Two die in avalanche in the Tetons

Steve Romeo ran the website TetonAt.com. Andy Bardon

Two well-known backcountry skiers were killed on Wednesday in Wyoming's Grand Teton National Park. Park rangers found the bodies of Jackson Hole Mountain Resort employee Chris Onufer and ski mountaineer and blogger Steve Romeo on Thursday.

Grand Teton National Park rangers and Teton County Search and Rescue initiated the search after being notified that two skiers failed to return home on Wednesday. They found the car of the missing skiers late Wednesday night in a trailhead parking lot 10 miles north of Moran Junction. They began an aerial reconnaissance flight to Ranger Peak at sunrise on Thursday.

They located a large avalanche debris field on the slope of 11,355-foot Ranger Peak just before 9 a.m. and searchers aboard the helicopter received signals from two avalanche beacons. A physical search of the debris turned up the two missing skiers.

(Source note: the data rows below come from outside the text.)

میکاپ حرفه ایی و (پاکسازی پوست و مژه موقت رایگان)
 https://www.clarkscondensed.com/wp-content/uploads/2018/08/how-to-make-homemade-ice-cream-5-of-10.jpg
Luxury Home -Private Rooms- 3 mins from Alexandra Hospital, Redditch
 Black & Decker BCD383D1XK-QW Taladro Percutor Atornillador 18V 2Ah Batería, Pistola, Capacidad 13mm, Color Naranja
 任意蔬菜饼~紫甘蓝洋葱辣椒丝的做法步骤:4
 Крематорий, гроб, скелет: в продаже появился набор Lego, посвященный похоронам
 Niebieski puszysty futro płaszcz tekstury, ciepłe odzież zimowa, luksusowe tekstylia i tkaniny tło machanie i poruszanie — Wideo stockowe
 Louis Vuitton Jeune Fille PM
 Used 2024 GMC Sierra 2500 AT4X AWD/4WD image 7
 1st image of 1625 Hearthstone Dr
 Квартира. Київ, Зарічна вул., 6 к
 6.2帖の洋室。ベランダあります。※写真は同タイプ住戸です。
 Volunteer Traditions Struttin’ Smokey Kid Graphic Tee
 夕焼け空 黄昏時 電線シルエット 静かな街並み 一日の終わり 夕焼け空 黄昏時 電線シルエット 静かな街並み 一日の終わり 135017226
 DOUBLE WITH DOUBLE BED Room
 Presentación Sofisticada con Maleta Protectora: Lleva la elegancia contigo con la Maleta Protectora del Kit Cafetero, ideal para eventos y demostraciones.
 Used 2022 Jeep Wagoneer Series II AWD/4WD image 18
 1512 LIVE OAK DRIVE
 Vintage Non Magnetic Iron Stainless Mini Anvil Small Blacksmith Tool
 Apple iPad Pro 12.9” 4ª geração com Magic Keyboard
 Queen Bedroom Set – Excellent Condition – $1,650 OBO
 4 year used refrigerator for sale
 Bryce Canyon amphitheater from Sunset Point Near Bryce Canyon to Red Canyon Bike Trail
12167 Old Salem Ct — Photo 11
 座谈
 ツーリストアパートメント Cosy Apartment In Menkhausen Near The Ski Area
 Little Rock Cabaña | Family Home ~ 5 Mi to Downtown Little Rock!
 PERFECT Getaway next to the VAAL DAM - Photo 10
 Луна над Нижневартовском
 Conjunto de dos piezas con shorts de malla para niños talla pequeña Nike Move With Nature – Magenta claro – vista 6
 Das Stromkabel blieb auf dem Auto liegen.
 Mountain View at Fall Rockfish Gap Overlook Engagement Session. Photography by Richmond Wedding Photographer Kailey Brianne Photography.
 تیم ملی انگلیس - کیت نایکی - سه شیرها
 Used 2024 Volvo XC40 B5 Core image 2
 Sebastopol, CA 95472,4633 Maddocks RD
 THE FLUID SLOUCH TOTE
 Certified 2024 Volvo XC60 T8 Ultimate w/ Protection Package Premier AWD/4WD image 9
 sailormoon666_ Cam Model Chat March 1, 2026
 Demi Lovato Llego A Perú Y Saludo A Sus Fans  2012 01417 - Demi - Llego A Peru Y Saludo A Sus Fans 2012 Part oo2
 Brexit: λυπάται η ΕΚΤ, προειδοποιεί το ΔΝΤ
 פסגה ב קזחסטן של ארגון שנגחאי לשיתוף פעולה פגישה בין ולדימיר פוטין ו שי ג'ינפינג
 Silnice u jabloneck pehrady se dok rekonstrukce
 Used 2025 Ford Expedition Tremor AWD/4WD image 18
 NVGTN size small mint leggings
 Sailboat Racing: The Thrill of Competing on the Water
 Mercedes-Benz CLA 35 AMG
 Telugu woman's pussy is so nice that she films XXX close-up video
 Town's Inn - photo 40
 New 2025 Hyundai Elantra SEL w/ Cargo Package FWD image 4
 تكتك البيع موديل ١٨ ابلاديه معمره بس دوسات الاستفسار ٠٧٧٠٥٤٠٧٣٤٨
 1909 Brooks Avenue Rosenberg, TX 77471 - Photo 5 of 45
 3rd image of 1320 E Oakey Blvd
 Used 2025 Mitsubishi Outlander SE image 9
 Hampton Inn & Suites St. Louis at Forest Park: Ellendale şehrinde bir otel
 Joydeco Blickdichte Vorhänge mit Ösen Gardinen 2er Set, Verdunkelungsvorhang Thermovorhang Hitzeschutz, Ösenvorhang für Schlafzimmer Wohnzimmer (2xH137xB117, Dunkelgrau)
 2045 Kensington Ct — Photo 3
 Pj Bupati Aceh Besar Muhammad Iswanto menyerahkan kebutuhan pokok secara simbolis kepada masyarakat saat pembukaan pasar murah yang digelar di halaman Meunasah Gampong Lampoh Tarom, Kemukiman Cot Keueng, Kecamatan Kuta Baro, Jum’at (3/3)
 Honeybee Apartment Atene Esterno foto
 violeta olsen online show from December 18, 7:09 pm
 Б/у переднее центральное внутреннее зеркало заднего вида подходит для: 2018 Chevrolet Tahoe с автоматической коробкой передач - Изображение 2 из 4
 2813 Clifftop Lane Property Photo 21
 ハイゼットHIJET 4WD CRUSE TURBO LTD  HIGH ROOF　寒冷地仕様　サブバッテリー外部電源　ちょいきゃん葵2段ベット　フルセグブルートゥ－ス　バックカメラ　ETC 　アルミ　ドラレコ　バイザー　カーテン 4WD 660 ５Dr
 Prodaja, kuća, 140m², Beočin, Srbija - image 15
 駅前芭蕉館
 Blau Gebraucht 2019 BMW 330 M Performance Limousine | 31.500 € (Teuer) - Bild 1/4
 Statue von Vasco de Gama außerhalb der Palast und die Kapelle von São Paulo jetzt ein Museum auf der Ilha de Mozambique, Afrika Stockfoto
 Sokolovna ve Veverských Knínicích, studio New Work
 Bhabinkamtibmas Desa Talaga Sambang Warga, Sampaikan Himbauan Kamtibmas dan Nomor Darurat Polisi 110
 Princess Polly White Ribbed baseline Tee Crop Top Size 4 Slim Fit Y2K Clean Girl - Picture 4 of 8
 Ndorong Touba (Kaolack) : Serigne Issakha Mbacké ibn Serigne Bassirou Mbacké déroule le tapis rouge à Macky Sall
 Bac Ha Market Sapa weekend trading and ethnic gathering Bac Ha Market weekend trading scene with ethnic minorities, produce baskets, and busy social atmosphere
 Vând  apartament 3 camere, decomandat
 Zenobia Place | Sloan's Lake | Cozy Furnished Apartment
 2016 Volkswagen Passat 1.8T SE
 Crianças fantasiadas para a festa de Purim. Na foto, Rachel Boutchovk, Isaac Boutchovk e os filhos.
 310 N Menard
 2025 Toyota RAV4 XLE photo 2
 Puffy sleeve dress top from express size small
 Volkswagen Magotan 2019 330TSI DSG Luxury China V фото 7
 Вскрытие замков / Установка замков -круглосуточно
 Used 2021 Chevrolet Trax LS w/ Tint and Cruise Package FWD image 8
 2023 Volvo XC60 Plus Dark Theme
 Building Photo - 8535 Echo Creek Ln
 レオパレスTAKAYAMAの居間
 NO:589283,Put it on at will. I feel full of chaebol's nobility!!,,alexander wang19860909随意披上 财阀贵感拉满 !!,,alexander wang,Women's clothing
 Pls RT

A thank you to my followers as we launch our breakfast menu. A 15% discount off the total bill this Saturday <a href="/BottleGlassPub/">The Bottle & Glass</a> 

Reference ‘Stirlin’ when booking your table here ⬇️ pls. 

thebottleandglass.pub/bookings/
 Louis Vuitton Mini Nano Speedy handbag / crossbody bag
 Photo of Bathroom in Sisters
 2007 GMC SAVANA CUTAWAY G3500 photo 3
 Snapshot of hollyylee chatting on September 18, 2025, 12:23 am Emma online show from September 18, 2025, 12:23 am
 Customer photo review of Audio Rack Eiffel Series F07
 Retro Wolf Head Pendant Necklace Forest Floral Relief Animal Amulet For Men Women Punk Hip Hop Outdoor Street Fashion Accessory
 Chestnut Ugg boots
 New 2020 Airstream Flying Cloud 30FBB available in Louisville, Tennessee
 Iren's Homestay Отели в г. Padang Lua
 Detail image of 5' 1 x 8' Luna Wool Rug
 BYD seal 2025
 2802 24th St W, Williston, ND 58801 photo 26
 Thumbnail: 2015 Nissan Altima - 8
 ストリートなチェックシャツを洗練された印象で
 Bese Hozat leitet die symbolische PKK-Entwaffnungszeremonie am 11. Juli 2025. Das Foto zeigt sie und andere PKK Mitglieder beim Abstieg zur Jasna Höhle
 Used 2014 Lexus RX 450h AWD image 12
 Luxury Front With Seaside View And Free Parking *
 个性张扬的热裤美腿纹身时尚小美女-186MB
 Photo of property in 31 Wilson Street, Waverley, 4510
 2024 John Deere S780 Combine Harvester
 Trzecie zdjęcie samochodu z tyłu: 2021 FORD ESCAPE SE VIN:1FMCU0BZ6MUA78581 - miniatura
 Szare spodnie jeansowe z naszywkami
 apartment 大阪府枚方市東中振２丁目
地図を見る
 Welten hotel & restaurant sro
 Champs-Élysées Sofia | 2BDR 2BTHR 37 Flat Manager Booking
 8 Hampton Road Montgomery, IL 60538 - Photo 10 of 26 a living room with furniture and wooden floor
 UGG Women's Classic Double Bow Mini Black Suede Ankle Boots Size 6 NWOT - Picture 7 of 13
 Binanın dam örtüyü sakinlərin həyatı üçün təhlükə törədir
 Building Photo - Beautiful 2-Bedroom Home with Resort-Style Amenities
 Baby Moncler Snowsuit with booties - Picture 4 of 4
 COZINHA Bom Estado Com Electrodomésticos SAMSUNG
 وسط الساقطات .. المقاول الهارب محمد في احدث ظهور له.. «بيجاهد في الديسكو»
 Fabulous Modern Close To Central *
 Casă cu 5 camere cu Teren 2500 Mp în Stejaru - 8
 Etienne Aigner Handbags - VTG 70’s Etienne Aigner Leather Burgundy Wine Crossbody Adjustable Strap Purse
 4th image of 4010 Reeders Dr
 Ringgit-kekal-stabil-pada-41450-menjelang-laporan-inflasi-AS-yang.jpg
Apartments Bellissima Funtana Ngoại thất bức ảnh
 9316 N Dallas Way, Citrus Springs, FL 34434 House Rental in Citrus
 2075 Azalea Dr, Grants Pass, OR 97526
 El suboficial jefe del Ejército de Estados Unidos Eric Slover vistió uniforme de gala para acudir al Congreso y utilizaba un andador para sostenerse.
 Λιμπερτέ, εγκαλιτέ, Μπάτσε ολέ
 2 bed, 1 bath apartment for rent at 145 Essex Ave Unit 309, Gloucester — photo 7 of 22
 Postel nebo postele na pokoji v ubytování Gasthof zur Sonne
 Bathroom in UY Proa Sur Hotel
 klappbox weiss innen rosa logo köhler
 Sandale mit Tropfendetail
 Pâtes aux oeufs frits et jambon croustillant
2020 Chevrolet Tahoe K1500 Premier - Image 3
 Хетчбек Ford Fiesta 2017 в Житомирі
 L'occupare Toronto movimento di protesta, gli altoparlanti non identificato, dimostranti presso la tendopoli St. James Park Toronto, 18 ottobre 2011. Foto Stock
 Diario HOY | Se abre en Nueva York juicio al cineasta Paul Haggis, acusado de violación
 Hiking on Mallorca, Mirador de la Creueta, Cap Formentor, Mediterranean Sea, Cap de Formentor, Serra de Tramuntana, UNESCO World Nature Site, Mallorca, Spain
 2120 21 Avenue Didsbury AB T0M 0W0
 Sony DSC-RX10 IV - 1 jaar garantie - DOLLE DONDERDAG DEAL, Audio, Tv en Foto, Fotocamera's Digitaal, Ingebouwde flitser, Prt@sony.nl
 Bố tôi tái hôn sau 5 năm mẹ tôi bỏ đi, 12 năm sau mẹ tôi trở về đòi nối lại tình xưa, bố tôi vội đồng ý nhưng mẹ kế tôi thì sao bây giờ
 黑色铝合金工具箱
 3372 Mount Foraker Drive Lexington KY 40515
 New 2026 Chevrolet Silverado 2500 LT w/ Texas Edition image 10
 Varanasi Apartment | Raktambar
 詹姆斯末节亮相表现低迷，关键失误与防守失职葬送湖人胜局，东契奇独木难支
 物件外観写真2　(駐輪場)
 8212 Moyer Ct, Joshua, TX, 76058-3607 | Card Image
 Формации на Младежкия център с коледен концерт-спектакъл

According to a release from Jackson Hole Mountain Resort, Onufer began working at the ski area in 1993 and most recently worked as the manager of the tram maintenance department and was an integral figure in the development and installation of the new tram, which opened in December 2008. "A class act and a quiet leader, Chris was humble and let his work and achievements speak for themselves, he will be missed by all at the Jackson Hole Mountain Resort and in the greater Jackson Hole and Teton Valley Communities," states the release.

Steve Romeo was an avid ski mountaineer and randonee racer who ran a popular backcountry skiing blog, TetonAT.com. "There were two things that made Steve Romeo tick -- skiing and the Tetons," Romeo's friend and ski partner Zahan Billimoria told ESPN. "He was the consummate skier whose whole life revolved around making turns. It was really the wildness that I think he loved in the whole thing, the liberty to put your track wherever you want, to make your own choice about how to approach mountains. He made backcountry skiing cool. And if you were a Teton skier -- then he really made you feel the pride."

The avalanche danger was listed as moderate on Wednesday afternoon, according to the Bridger-Teton National Forest avalanche center. This tragedy brings the avalanche fatality number for the U.S. to 27 for this season.

"Our thoughts and prayers go out to Chris and Steve's family and friends," said the release from Jackson Hole. "Please keep them in your thoughts."